Exactly the lines below, starting with the one containing "Pros cons line" and going on through the one containing "The Apocryphal New", must be reproduced, both ends included, and no pictures with them.

RECORD EXTRACTS –
------------------------------------------------------------------------

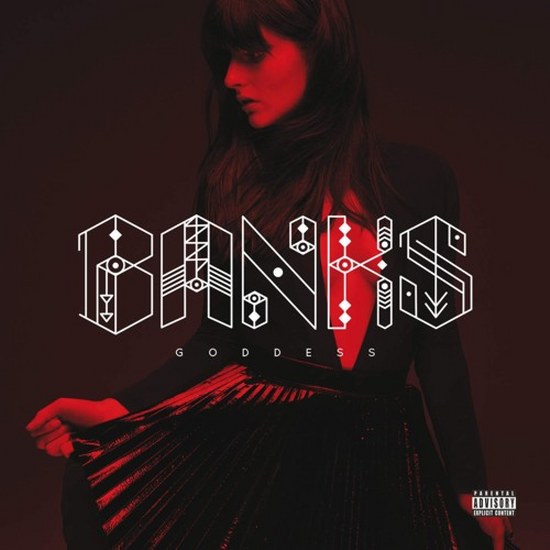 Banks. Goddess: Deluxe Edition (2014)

------------------------------------------------------------------------

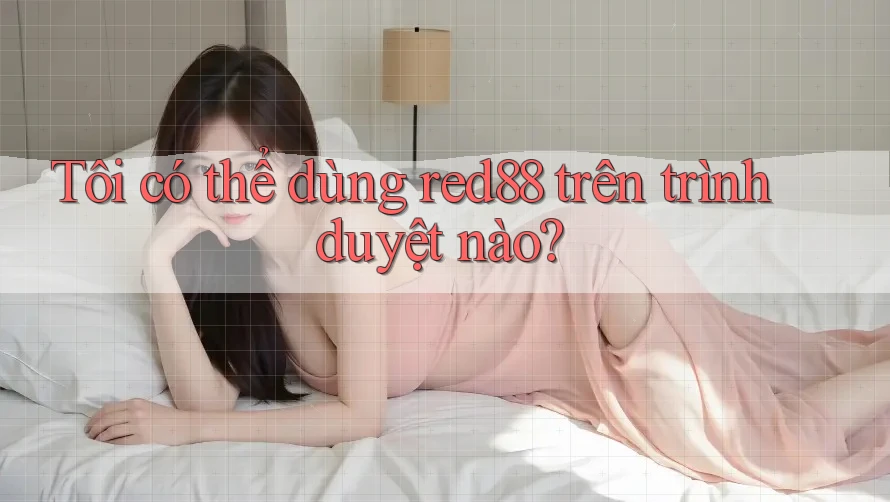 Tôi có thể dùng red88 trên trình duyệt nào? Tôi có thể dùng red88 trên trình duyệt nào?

------------------------------------------------------------------------

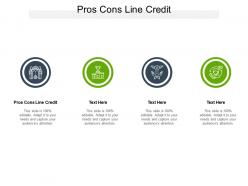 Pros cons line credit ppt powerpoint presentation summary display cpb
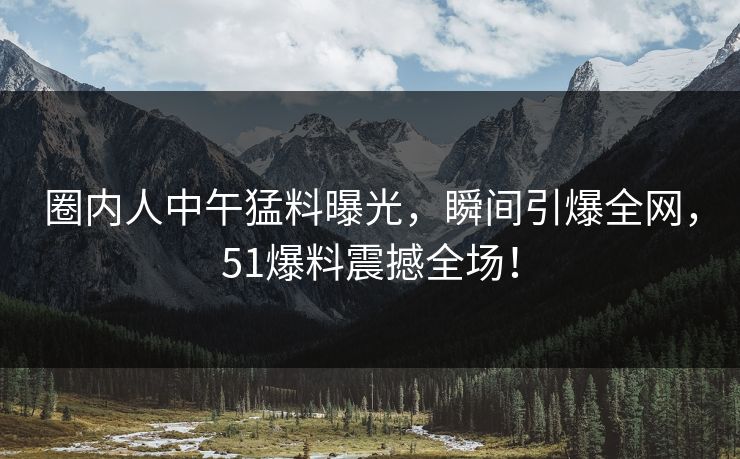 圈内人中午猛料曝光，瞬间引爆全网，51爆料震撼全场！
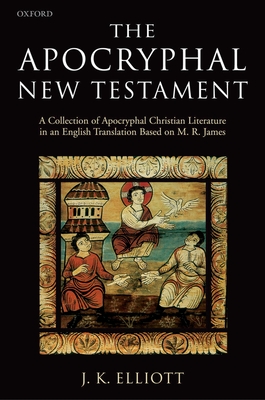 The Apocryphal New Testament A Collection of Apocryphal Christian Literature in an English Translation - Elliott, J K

------------------------------------------------------------------------

SOLUTION BELOW –
 Pros cons line credit ppt powerpoint presentation summary display cpb
 圈内人中午猛料曝光，瞬间引爆全网，51爆料震撼全场！
 The Apocryphal New Testament A Collection of Apocryphal Christian Literature in an English Translation - Elliott, J K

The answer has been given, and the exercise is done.